View Single Post
  #25   Report Post  
Posted to microsoft.public.excel.worksheet.functions
Ron Rosenfeld Ron Rosenfeld is offline
external usenet poster
 
Posts: 5,651
Default With a Function, how can I get rid of formating codes like <di

On Mon, 1 Jun 2009 18:20:02 -0700, AFSSkier
wrote:

Ron,

You're getting closer. However, the & HTML codes need to be replaced, not
stripped.

&(amper)nbsp = " " (space)
&(amper)amp = & (and)

--
Thanks, Kevin


Kevin,

That can be done. I hope you have a typo in your information, though, because
you have substituted the word "and" for a "text" ampersand in your original
data. In certain types of coding, the "text" ampersand would be an incorrect
usage.

Also, your comments interspersed with the text string to be processed makes
things a bit more confusing to me than might ordinarily have been the case, so
if this doesn't work, you may need to provide more accurate input and desired
outputs, with comments outside of the string to be processed.

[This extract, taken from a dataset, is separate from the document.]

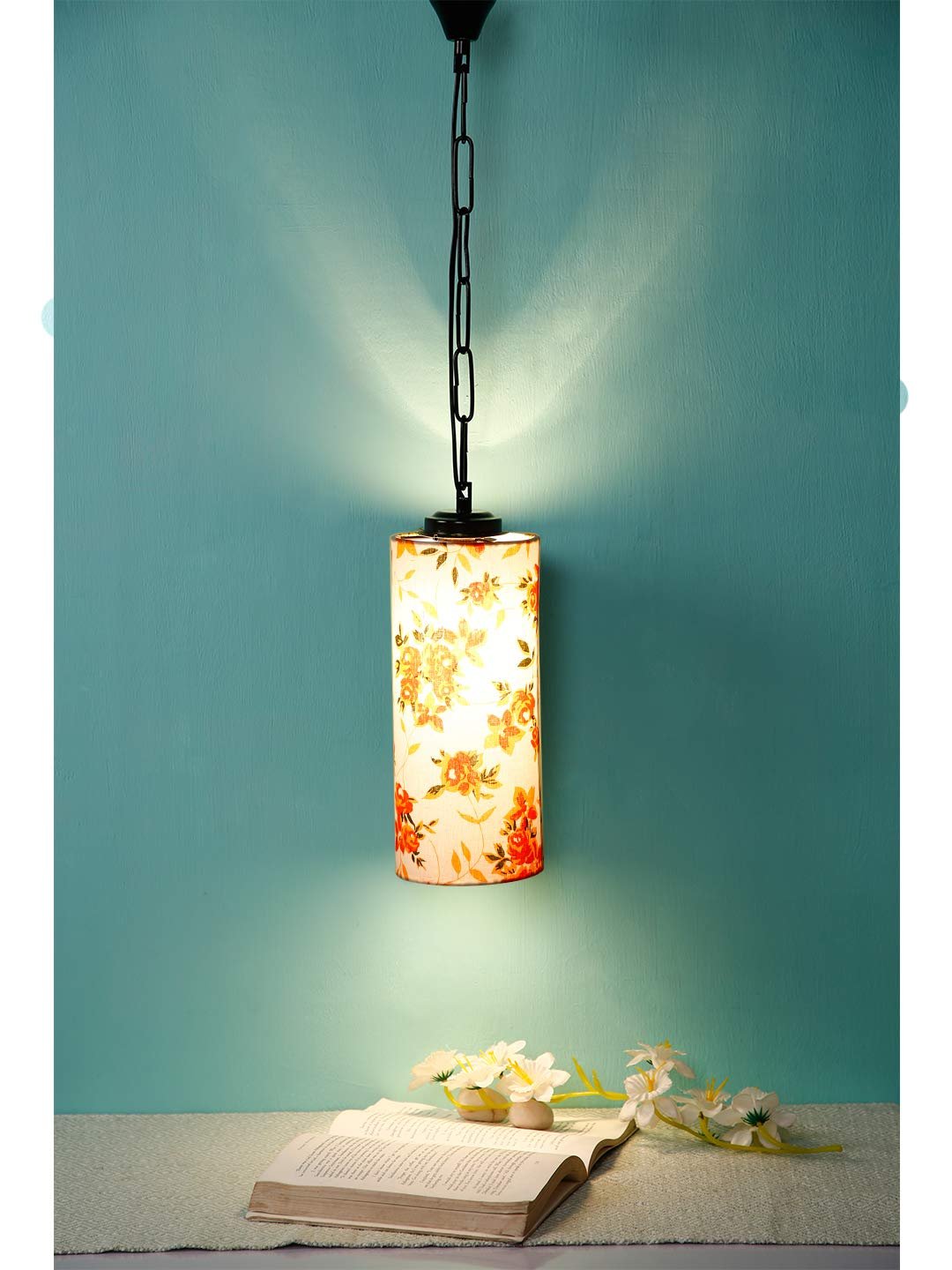 Multicolor Cotton Cylindrical Hanging Lamp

In any event, one way is to first process the string to get rid of the <html
codes and all of the & HTML codes except for &amp and &nbsp.

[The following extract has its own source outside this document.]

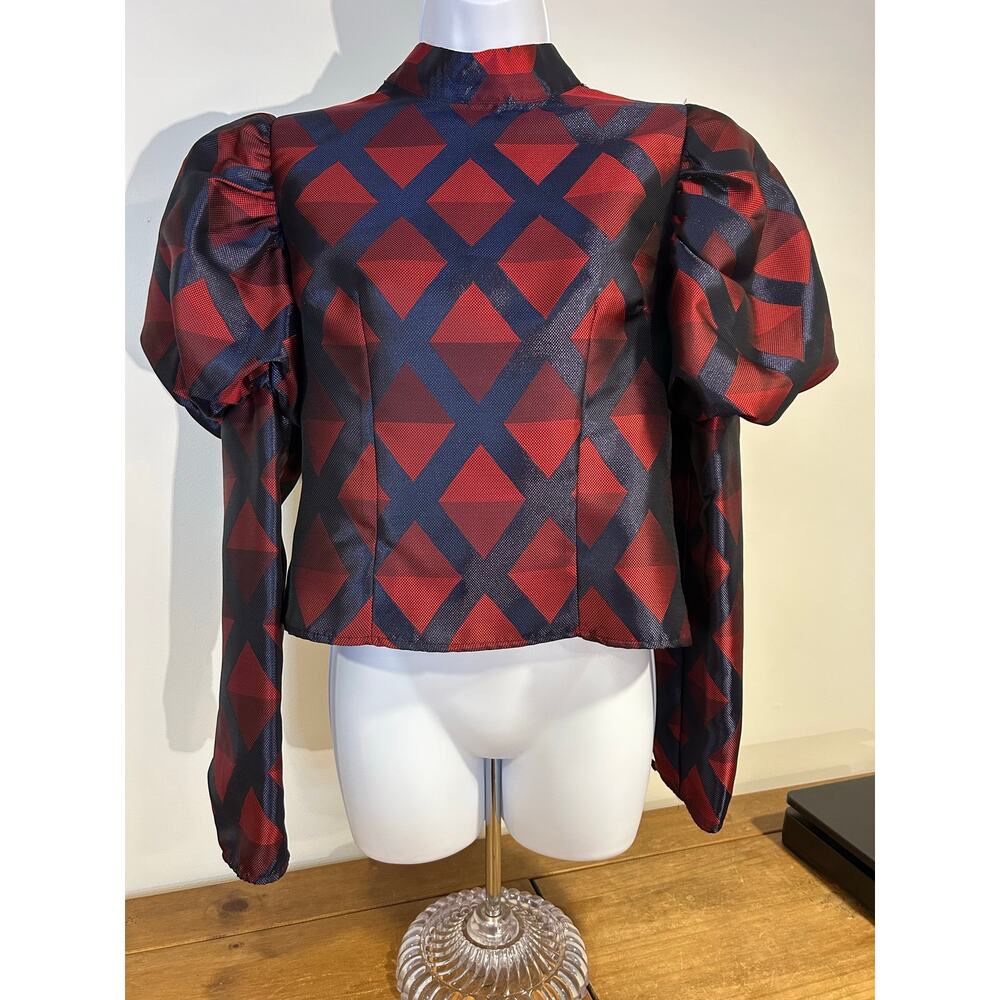 GARCIA M Red Blue Check Mock Neck Exaggerated Puff Sleeve Structured Bodice Chic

Then we do replacements on those two codes.

So:

===========================
Option Explicit
Function StripFormat(S As String) As String
Dim sTemp As String
Dim re As Object
Set re = CreateObject("vbscript.regexp")
re.Global = True
re.Pattern = "<[^<]+|[\r\n]|(&\s*(amp|nbsp)\s*;)|&[^;&]+;"
sTemp = re.Replace(S, "$1")
re.Pattern = "&\s*amp\s*;"
sTemp = re.Replace(sTemp, "&")
re.Pattern = "&\s*nbsp\s*;"
StripFormat = re.Replace(sTemp, " ")
End Function
===========================

In your examples, you had <space's included within the ampersand HTML coding.
If you can be certain that there will never be any spaces in those locations,
the UDF could be made a bit more efficient, by using the VBA replace method
instead of the Regular Expression replace method.
--ron